A questo punto stavo ancora dalla
parte di Unai Emery, perché in fondo quella non era ancora la sua squadra ed
aveva completato la prima stagione all’Arsenal, in un campionato sconosciuto;
dategli tempo, dicevo, lasciate che possa costruire una squadra più sua e
vediamo che succede.
Non l’ha fatto, purtroppo. Sembra che
la prima stagione sia stata interamente sprecata, invece di essere un percorso
di apprendimento; ho immaginato che avrebbe analizzato i suoi giocatori, tratto
le conclusioni, detto al Club quali fossero i bisogni primari e acquistato i
giocatori necessari ad implementare la sua filosofia di gioco.
Sfortunatamente, nonostante una delle
finestre di mercato più eccitanti degli ultimi anni, la squadra è ancora senza
identità e senza idee, con giocatori regolarmente fuori ruolo e confusione
tattica.
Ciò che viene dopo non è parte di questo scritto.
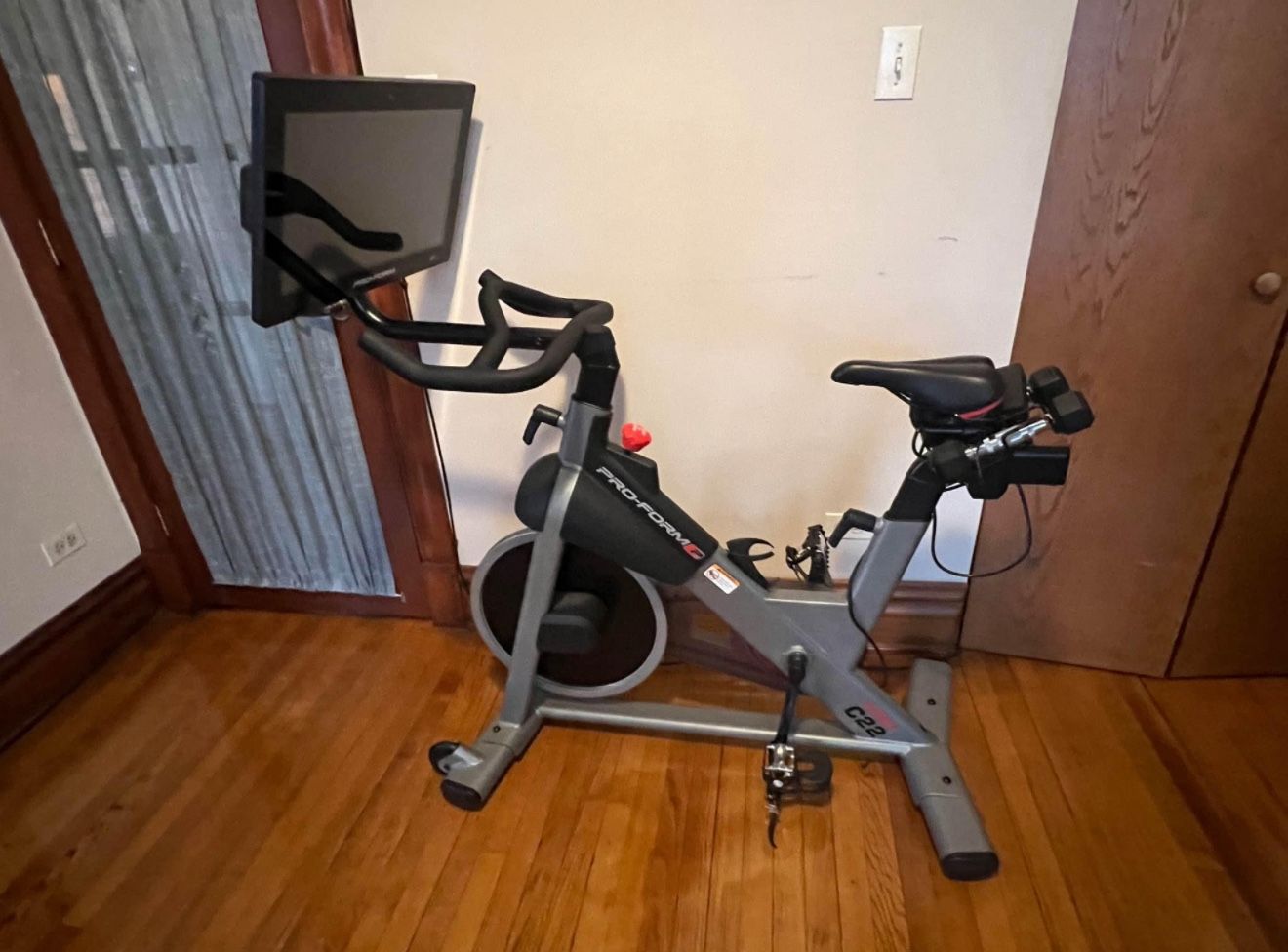 Proform Studio Bike Pro 22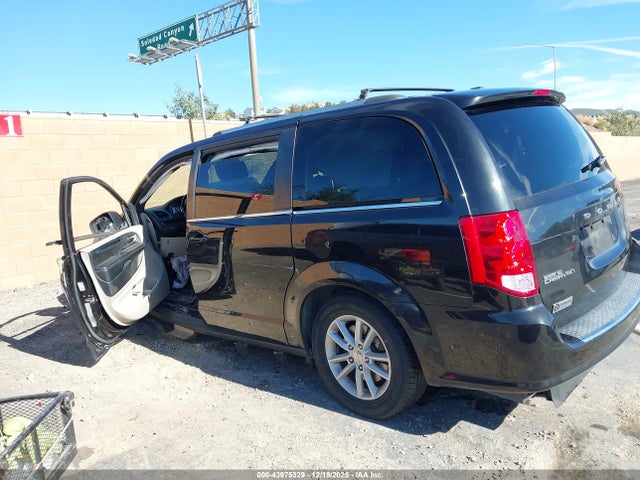 2C4RDGCG4LR154024 Dodge Grand Caravan Sxt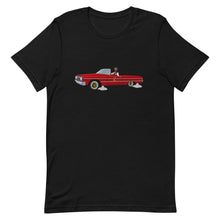Load image into Gallery viewer, Stayin In My Own Lane Short-Sleeve Unisex T-Shirt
La squadra oggi è nettamente superiore a quella dell’anno scorso ma non
c’è segno di miglioramento in campo, per ora: siamo ancora eccessivamente
prudenti nell’approccio, non siamo migliorati in fase difensiva e non creiamo
granchè in attacco.
Se Unai Emery avesse in testa di
chiudersi in difesa e colpire in contropiede, non ci sarebbe problema; non è il
calcio che prediligo ma almeno saprei che c’è un piano, capirei cosa vuole
l’allenatore.
Il problema è che non vedo niente del
genere, vedo formazioni che cambiano senza sosta, un turnover massiccio e un
allenatore che appare perso.
Se ci fosse un piano, un’idea, un
tentativo di costruire una strategia specifica, allora potrei difendere Unai
Emery e continuare a stare dalla sua parte finché questo piano non è pienamente
assorbito dai giocatori ma non vedo nulla del genere; gli concedo di aver
migliorato i risultati negli scontri diretti e di aver dato fiducia a qualche
giovane talento come Mattéo Guendouzi e Joe Willock ma i complimenti finiscono
qui.
La sensazione più profonda è che il
Club nell’insieme stia progredendo molto velocemente ma che la squadra non
riesca a seguire, rallentata da un allenatore che è sempre più spesso al centro
delle critiche per la mancanza di sostanza dietro le sue dichiarazioni; è
arrivato sorprendendo tutti con il suo acume tattico, l’attenzione maniacale
per i dettagli, la conoscenza profonda dei giocatori della prima squadra e del
vivaio, le sue chiavette USB e i video, il suo buon livello di inglese e il suo
piano per farci tornare protagonisti.
Oggi Unai Emery si è fatto
sorprendere dal pressing alto del Burnley all’Emirates Stadium, si è visto
soverchiare tatticamente dal Watford, che aveva appena cambiato allenatore,
viene criticato perché la squadra continua a commettere i soliti errori e
continuiamo ad avere difficoltà a capire quel che dice durante le conferenze
stampa - mentre lentamente si trasforma in un meme vivente con il suo good ebening.
Ciò che sento è il suono dello stallo
totale; prima ci lasciamo alle spalle Unai Emery, meglio sarà.